Our technology allows us to understand exactly what consumers are encoding into long-term memory. Memory matters because what we subconsciously decide to store in memory today becomes the base for our decision-making in the future (it is a predictive measure). As we explore what consumers are encoding into memory, we also look to the brain to tell us why a particular event or message is being stored — for this, we leverage key diagnostic metrics including approach / withdrawal, emotional intensity, and engagement.
After our in-depth neuro-analysis, we found that Uber’s getaway ad — while fun and entertaining — missed the mark when it came to branding and messaging. Here is what we learned:
Don’t overshadow the details with the story.
Often, we measure the success of the ad by analyzing the brand breakthrough — does the branding and the messaging get encoded into long-term memory? Or did your media buy only serve to entertain with no brand gain?
This Uber ad is a great example of a memorable narrative, but the brand breakthrough is low. We know this because there are many global memory encoding peaks. This measures the consumers’ processing of thematic elements in the ad (think narrative structure, visual style, music, etc.). For example, when the girl whispers, “It’s time… go,” we notice a sharp increase in global memory accompanied by high engagement and emotional intensity. These diagnostic measures indicate personal relevance and strength of emotion respectively. Perhaps, viewers are relating to the urge to escape awkward family dinners and therefore are highly engaged with the story. We see global memory peak again as the door handle jiggles during the wild escape.

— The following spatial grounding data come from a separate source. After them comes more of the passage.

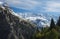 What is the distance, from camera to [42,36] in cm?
7775

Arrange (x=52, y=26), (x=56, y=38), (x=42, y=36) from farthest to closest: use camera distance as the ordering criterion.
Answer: (x=52, y=26) → (x=42, y=36) → (x=56, y=38)

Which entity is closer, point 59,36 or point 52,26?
point 59,36

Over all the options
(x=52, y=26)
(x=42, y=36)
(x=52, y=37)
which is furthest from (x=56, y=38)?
(x=52, y=26)

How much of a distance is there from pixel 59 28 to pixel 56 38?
826cm

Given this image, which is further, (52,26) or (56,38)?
(52,26)

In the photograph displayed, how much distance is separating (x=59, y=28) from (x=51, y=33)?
20.3 ft

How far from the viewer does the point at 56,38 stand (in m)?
71.1

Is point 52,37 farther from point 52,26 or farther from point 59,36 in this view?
point 52,26

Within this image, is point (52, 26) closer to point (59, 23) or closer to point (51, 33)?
point (59, 23)

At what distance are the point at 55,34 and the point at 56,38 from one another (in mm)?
1544

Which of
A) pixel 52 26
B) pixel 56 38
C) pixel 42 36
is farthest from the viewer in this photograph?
pixel 52 26

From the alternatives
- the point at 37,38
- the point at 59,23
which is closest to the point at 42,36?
the point at 37,38

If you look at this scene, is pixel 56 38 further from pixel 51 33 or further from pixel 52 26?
pixel 52 26

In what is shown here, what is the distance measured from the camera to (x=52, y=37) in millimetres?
72188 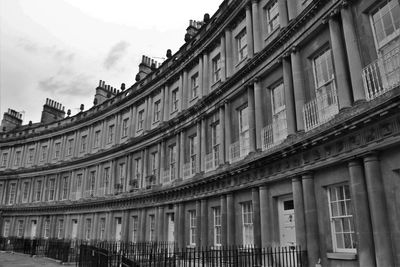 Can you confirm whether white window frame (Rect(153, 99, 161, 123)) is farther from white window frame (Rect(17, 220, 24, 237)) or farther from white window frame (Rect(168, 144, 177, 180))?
white window frame (Rect(17, 220, 24, 237))

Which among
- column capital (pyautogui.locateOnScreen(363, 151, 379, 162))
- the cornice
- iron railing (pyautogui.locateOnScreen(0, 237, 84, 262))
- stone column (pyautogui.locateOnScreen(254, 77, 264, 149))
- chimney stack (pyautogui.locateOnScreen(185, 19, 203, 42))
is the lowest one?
iron railing (pyautogui.locateOnScreen(0, 237, 84, 262))

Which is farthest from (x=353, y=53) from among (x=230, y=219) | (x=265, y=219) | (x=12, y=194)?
(x=12, y=194)

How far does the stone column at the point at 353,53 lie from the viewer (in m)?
8.95

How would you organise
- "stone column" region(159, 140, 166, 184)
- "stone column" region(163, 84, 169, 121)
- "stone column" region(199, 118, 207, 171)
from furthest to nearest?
"stone column" region(163, 84, 169, 121), "stone column" region(159, 140, 166, 184), "stone column" region(199, 118, 207, 171)

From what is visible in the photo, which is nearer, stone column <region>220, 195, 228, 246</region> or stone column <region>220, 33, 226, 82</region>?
stone column <region>220, 195, 228, 246</region>

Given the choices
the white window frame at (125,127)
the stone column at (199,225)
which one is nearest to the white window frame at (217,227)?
the stone column at (199,225)

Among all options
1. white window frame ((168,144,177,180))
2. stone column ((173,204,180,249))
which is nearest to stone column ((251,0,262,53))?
white window frame ((168,144,177,180))

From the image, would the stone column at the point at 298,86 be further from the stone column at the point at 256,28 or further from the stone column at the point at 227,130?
the stone column at the point at 227,130

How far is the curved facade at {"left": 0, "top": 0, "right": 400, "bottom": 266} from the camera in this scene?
8.31 metres

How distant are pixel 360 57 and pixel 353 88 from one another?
3.02ft

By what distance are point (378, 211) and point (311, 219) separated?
2.31 metres

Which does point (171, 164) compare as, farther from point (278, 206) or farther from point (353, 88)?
point (353, 88)

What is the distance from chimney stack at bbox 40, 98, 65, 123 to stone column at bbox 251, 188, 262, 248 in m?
32.7

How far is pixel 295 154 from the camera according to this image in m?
10.6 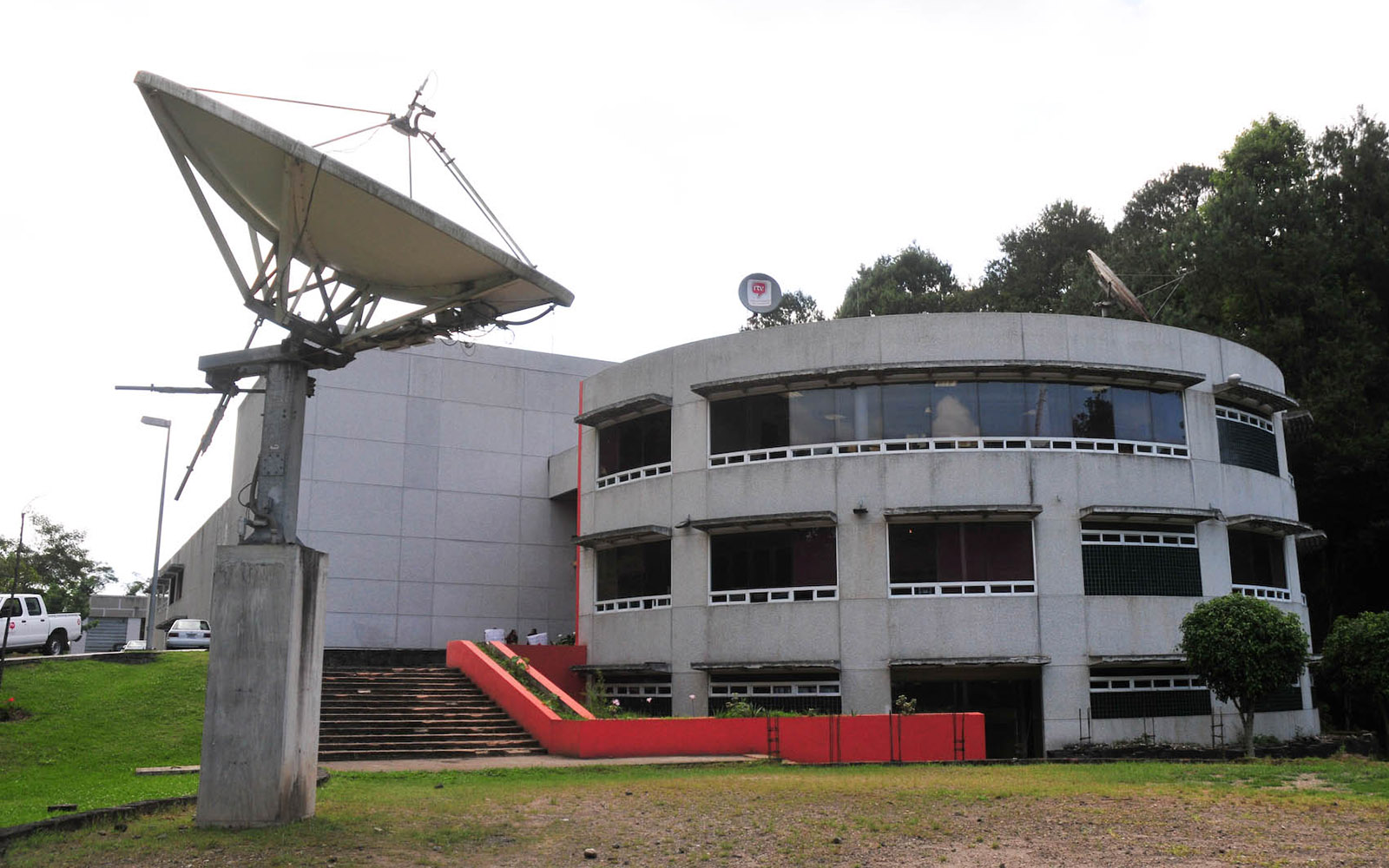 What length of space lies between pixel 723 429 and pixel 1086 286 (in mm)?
23870

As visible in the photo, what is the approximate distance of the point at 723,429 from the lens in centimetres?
2712

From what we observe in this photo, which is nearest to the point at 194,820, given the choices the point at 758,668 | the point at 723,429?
the point at 758,668

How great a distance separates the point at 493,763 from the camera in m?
Answer: 19.8

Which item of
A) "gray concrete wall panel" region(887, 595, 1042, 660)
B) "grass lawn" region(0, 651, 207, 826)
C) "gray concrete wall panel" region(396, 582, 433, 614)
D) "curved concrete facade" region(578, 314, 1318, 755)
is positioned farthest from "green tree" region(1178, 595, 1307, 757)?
"gray concrete wall panel" region(396, 582, 433, 614)

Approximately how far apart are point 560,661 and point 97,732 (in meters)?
10.8

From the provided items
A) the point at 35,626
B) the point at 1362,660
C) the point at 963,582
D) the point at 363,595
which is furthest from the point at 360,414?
the point at 1362,660

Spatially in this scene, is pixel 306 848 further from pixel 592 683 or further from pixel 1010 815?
pixel 592 683

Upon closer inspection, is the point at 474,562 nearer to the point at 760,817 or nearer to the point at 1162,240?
the point at 760,817

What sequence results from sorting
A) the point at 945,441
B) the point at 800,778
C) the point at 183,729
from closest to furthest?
1. the point at 800,778
2. the point at 183,729
3. the point at 945,441

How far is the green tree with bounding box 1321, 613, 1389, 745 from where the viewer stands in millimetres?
24828

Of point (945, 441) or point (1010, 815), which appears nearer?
point (1010, 815)

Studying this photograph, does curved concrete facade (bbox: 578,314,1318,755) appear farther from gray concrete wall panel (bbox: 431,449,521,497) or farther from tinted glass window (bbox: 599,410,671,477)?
gray concrete wall panel (bbox: 431,449,521,497)

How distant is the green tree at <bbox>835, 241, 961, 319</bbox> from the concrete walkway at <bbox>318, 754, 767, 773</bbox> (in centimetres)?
3904

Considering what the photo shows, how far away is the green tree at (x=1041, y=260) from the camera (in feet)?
178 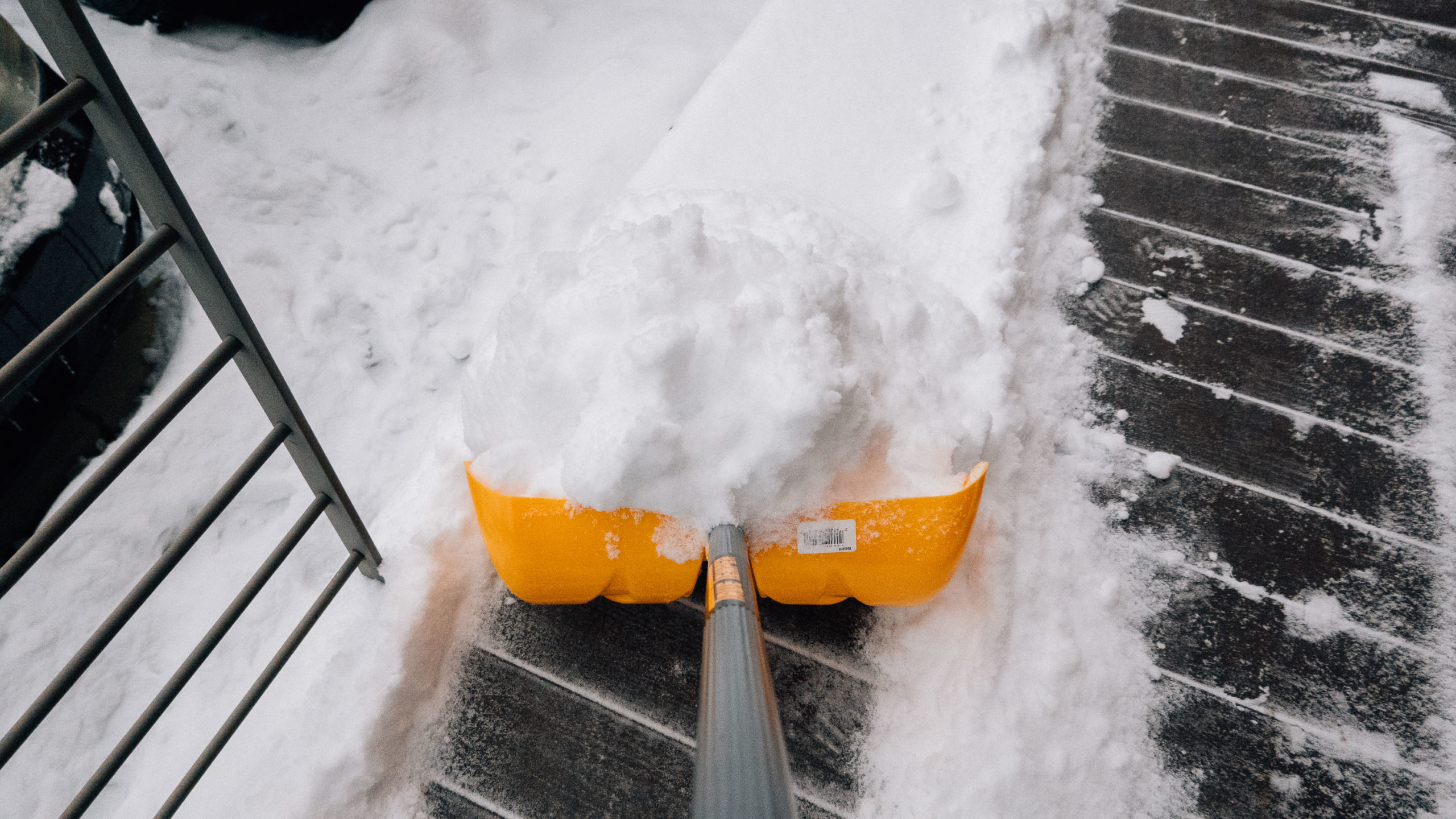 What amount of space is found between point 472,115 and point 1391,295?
9.44 feet

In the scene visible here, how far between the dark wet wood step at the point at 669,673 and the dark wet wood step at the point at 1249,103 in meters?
2.02

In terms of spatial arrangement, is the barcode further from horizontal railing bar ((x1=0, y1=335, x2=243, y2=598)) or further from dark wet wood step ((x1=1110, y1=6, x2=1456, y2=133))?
dark wet wood step ((x1=1110, y1=6, x2=1456, y2=133))

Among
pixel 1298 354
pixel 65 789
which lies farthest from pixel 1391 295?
pixel 65 789

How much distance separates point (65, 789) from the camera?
141 cm

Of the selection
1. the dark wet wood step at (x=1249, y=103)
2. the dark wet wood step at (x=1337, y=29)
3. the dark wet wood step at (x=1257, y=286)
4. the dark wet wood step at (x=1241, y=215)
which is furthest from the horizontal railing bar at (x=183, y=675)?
the dark wet wood step at (x=1337, y=29)

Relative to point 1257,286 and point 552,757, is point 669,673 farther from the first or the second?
point 1257,286

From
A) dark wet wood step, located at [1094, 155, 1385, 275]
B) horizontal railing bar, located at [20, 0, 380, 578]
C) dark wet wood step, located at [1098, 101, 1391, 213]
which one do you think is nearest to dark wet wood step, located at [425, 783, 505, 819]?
horizontal railing bar, located at [20, 0, 380, 578]

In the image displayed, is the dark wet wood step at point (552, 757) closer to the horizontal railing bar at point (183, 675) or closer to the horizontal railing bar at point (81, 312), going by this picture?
the horizontal railing bar at point (183, 675)

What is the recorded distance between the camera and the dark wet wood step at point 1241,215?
192 centimetres

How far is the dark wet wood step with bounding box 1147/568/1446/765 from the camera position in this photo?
4.42ft

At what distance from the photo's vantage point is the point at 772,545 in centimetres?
118

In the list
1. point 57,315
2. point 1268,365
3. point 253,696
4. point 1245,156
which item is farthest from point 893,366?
point 57,315

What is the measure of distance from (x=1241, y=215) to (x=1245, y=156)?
0.25 meters

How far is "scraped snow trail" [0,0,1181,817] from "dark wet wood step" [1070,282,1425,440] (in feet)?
0.43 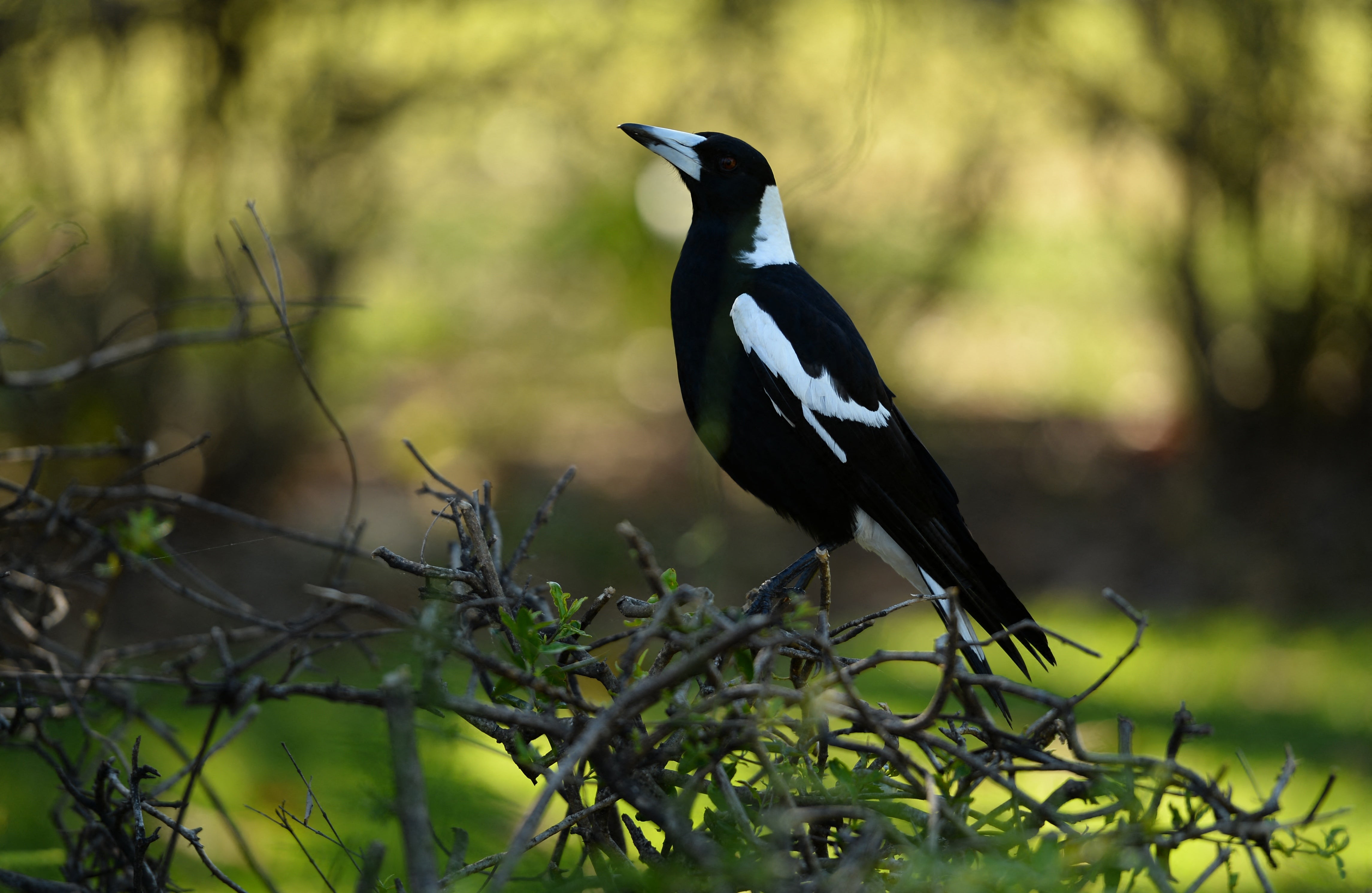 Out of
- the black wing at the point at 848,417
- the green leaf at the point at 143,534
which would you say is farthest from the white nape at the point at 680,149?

While the audience is clearly entertained, we do not see detail memory encoding peaks during any key branding moments. This measures the consumers’ processing of detail elements in an ad (key messaging, brand logo, call to action, etc.). High numbers correlate with future in-market behavior as these pertain to these brand messaging details.
This is all to say, Silver was right in describing this ad as entertainment. But without detail encoding of key branding moments, it’s possible that viewers will only remember the story but will fail to associate it with Uber.
Music transitions offer great points for branding.
In ads like these, optimization is key. A strong narrative tied with brand breakthrough is the golden ticket, so how could we reshuffle Uber’s scenes to make for a more effective creative?
Notice between seconds 12-14 there is a peak in detail memory encoding. We have seen how impactful moments of transition can be (whether visual or auditory); musical transitions can boost long term memory encoding. But, all that is on the screen is “This Thanksgiving.” What if Uber placed their Uber Reserve branding here with the key message: “Reserve up to 30 days in advance”? Small changes like this could help tie the narrative, message, and brand together.
In a swarm of Holiday ads, it seems impossible to make your brand stand out. “The Getaway” acts as an example of how to make amazing entertainment, theatrical in nature and presented like a movie trailer. But, without optimizing moments of high detail memory encoding, there will be no subconscious association with story and brand/message. Our advice to Uber would be to not let their audience get away before the end of the party…or their ad won’t be remembered.